Nesse sentido, ganham também destaque obras que lidam com a cidade de Sorocaba, como no procedimento quase ingênuo, mas de grande efeito plástico, do cubano Reyner Leiva Novo, que montou um imenso painel com escovas de dente usadas, trocadas por novas com moradores de um bairro da cidade.

Mais política é a intervenção de Maria Thereza Alves, que pesquisou vestígios de comunidades indígenas na região, mas o único registro encontrado foi uma urna mortuária em um museu da cidade que não tem acesso ao público. A partir desse contexto, ela criou o projeto “Um Vazio Pleno”, para o qual o ceramista indígena Maximino Kalipety, de Dourados, confeccionou réplicas da urna enterradas em pontos no centro da cidade, entre eles o pé da estátua do bandeirantes Baltasar Fernandes, fundador de Sorocaba.

É com obras assim que Frestas ganha especial relevância, criando um diálogo de fato com a cidade, e não apenas exibindo trabalhos que falam do presente, de forma genérica. Mesmo obras de grande formato, como dos grafiteiros Nunca e Panmela Castro foram realizados em prédios da cidade, ele também tratando da questão indígena, ela do empoderamento feminino.

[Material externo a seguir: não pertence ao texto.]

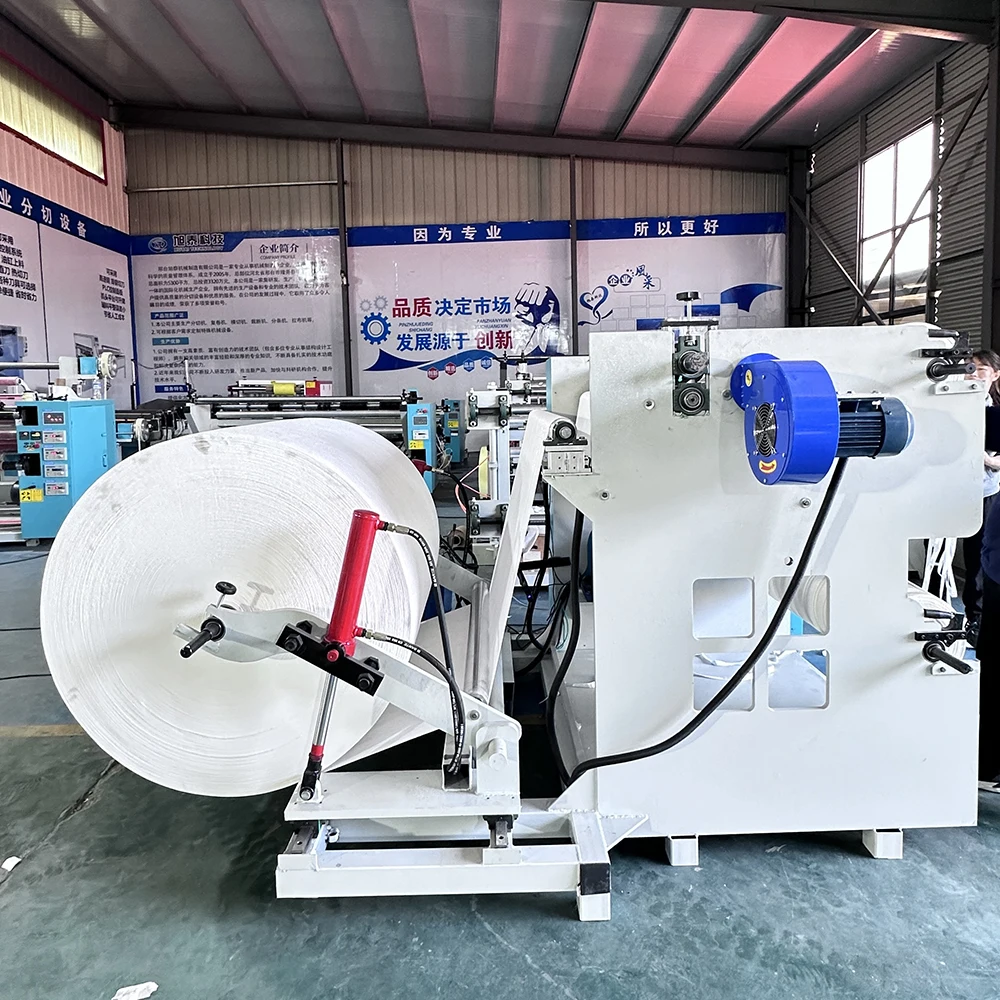 Картина 4: Машина для обработки рулонов бумаги. Эффективный перемотчик для резки.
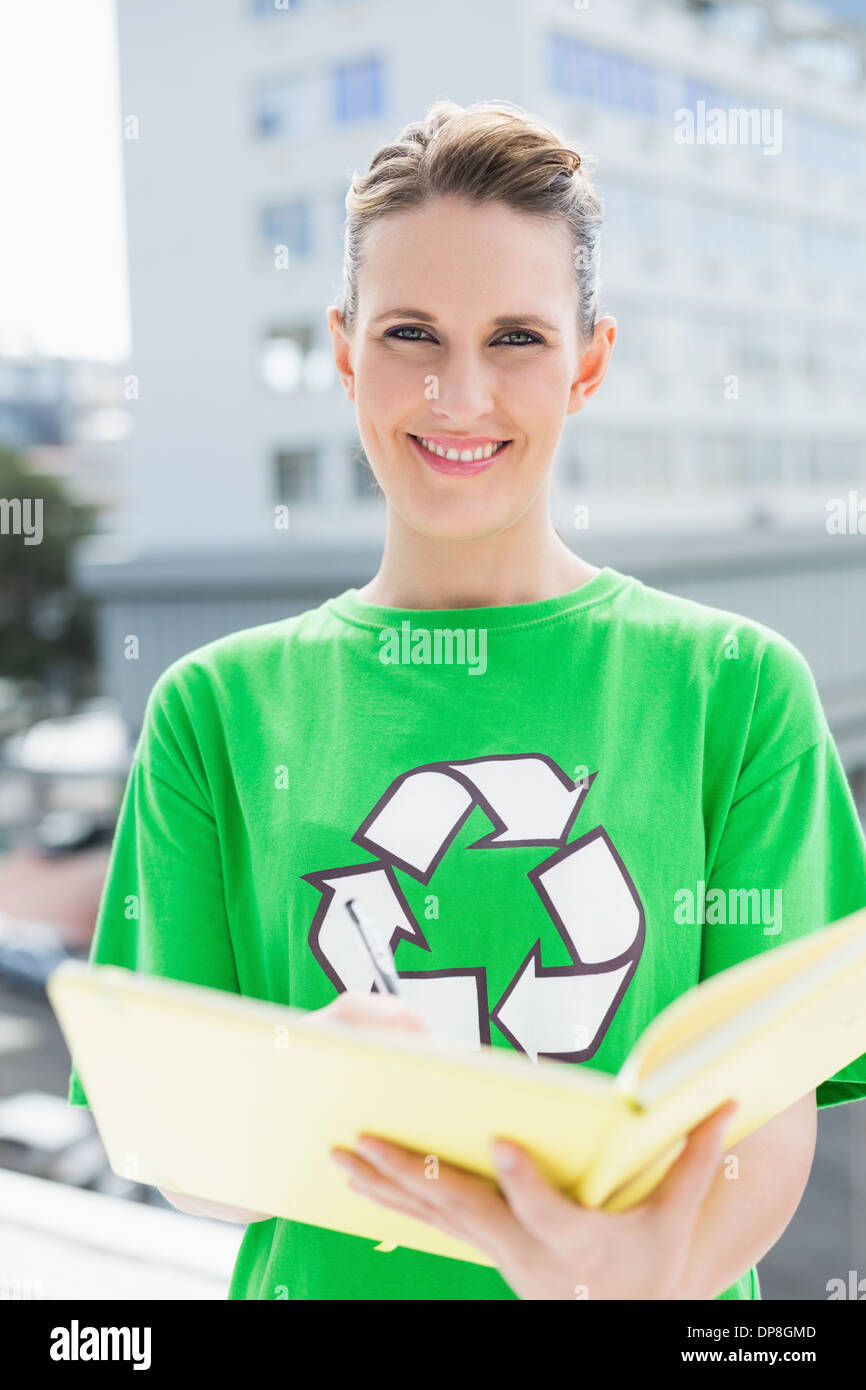 Sorridente piuttosto attivista ambientale la scrittura Foto Stock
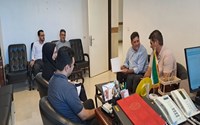 تجلیل مدیر شبکه بهداشت و درمان چایپاره از خانواده خیر نیک اندیش 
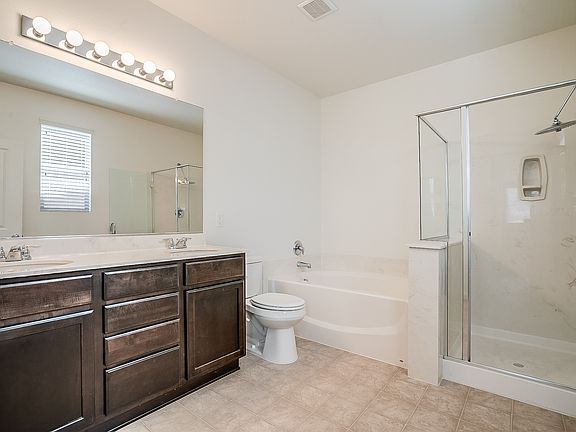 4th image of 7413 Rivermeade St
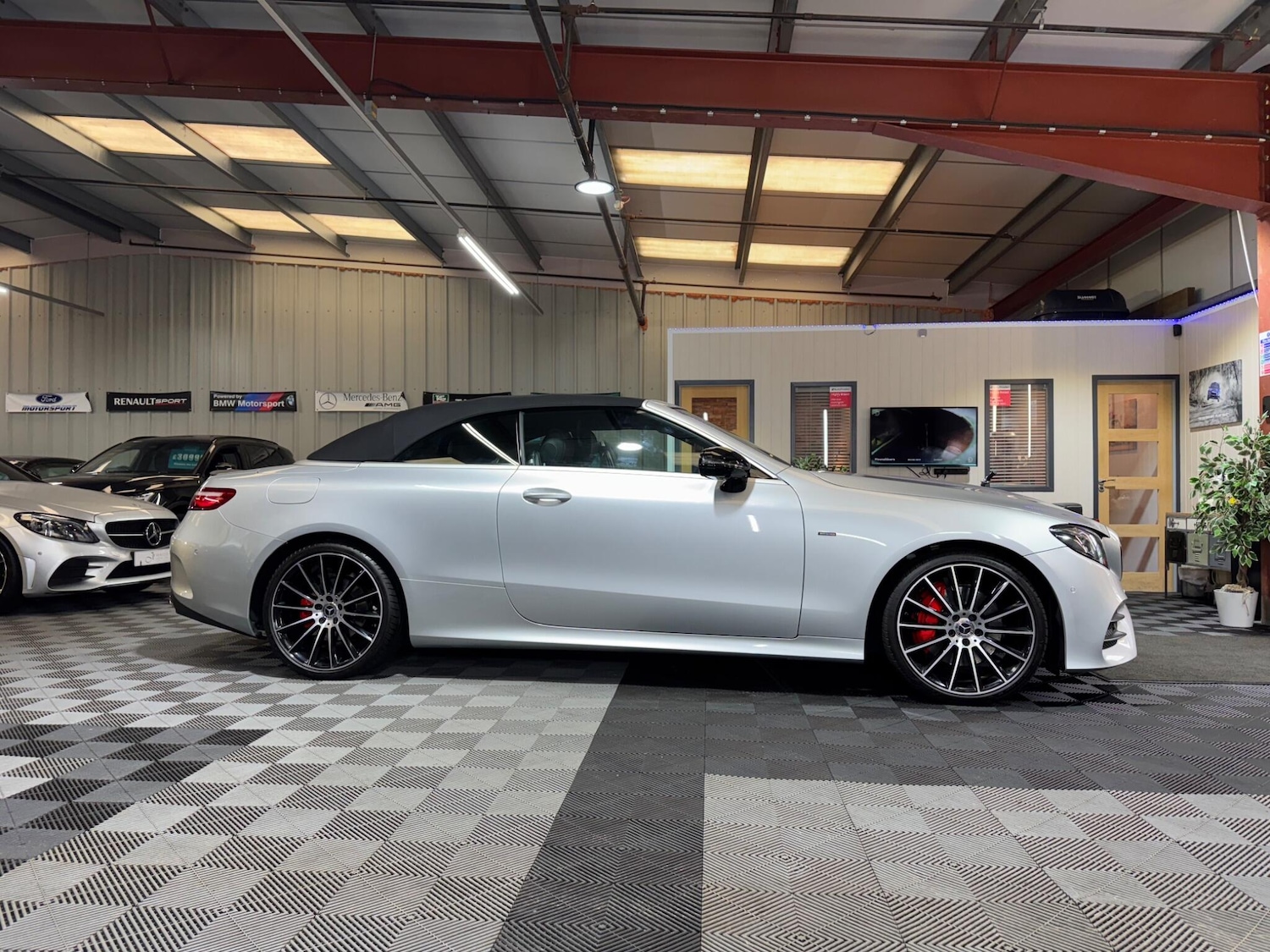 Used Mercedes-Benz E Class 2020 for sale - 77625644: Photo 29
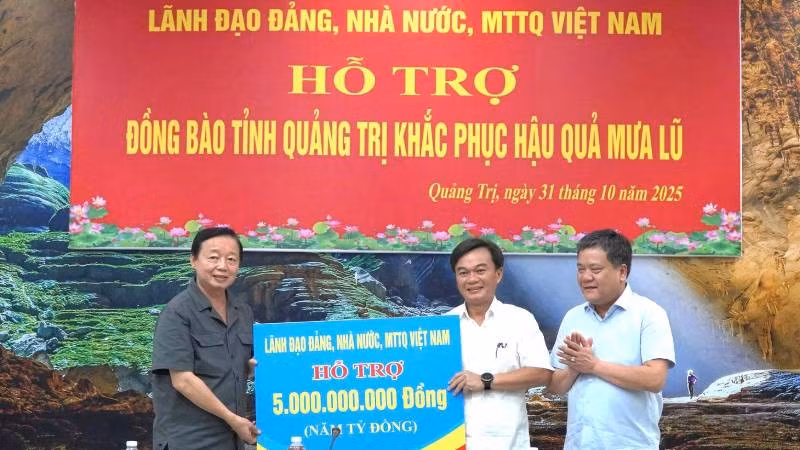 Phó Thủ tướng Trần Hồng Hà trao quà của lãnh đạo Đảng, Nhà nước và Mặt trận Tổ quốc hỗ trợ tỉnh Quảng Trị khắc phục hậu quả mưa lũ.
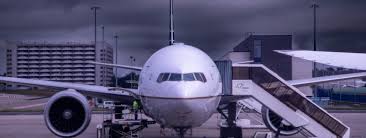 Schnee und Glatteis sorgen am Frankfurter Flughafen für Chaos und Fraport informiert über zahlreiche ausgefallene Flüge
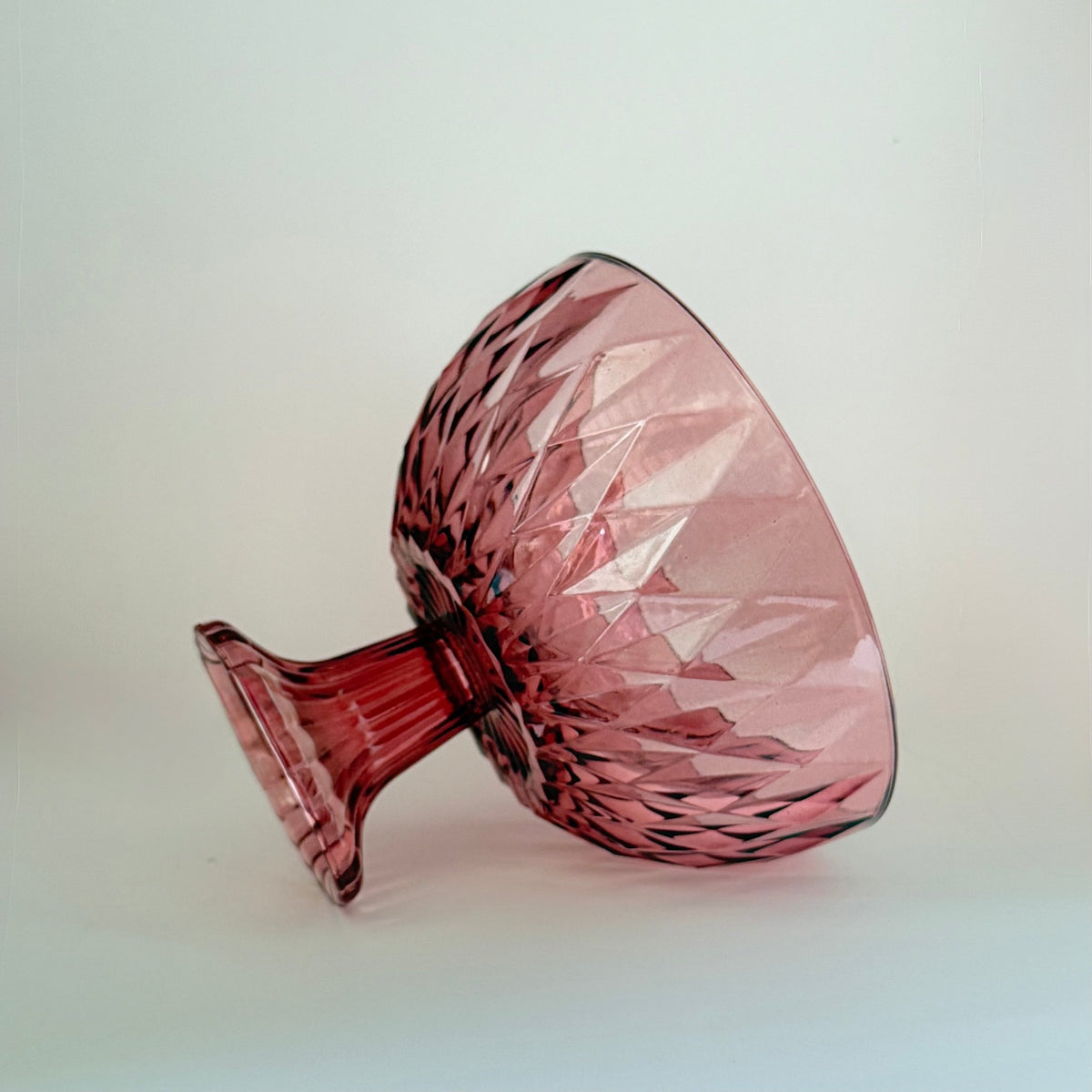 Flot rosa opsatsskål i glas fra 1960-1970’erne - Frøken Lilly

Ao criar tal experiência fora da capital, o Sesc contribui para que a arte contemporânea mais radical não seja vista apenas em grandes centros, como também as Gorilla Girls, que lá são vistas de forma muito mais dinâmica que no Masp, aliás.  É a partir desse tipo de compromisso com o contexto que a pós-verdade pode ser combatida e evitada.